Opowiadanie z motywem rozbitka

Opowiadanie z motywem rozbitka

Kuba pływał jachtem, z przyjaciółmi, po Bałtyku, w zasadzie dość blisko lądu. Pogoda była cudowna i nic nie zapowiadało jej zmiany oraz trudnych do zrozumienia wydarzeń, które nastąpiły później. Dopiero po kilku godzinach chłopcy zauważyli coraz większe fale i postanowili skierować jacht w stronę półwyspu helskiego.
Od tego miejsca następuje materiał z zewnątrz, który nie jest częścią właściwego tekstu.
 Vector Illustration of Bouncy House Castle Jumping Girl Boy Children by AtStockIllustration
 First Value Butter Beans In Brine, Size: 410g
A robiło się coraz ciemniej, dlatego niepokój malował się na twarzach wszystkich uczestników rejsu. Z niepokojem spoglądali w stronę lądu, który teraz przybliżał się niezwykle wolno. Coraz wyraźniej pojawiały się budynki, gdy nagle bardzo silny poryw wiatru przewrócił malutki jacht.

Wszyscy znaleźli się w wodzie, trochę przerażeni, bo fale były niezwykle wysokie. Kuba krzyczał do przyjaciół, by się trzymali. Na szczęście wszyscy mieli założone kapoki, zmniejszając w ten sposób niebezpieczeństwo utonięcia.

Kuba rozpaczliwie próbował dopłynąć do brzegu. W pewnej chwili poczuł piasek i znalazł się na nieznanej plaży. Głęboko oddychał z ulgą. Tak cieszył się, że ma grunt pod nogami. Zasnął.

Wydawało mu się, że  spał jedynie chwilę, kiedy obudziło go słońce. Usiadł i rozejrzał się wokoło. Nie znał tego miejsca, zaczął biegać wokół próbując zebrać myśli. Ruszył w kierunku widocznego cypla, a po kilku godzinach przekonał się, że jest na malutkiej, bezludnej wyspie. Usiadł zmartwiony i zastanawiał się co dalej. Grubym kijem napisał na piasku „Pomocy”. Był głodny  i przestraszony, miał jedynie picie, bo znalazł czyste źródełko.  Nie miał żadnego planu, gdy nagle usłyszał warkot samolotu. Machał przeraźliwie rękoma i krzyczał, ale chyba bez efektu.

Był pewien, ze musi w tym miejscu spędzić samotnie wiele czasu, gdy nagle usłyszał warkot wodnych skuterów ratunkowych. Okazało się, że pilot samolotu, który widział wcześniej zawiadomił służby ratownicze.

Pomoc przyszła w samą porę, bo strach zaglądał mu głęboko w oczy. Z ulgą pomyślał o powrocie do domu. Za nic nie chciałby być Piętaszkiem, wolał czytać jedynie o przygodach Robinsona i jego towarzysza.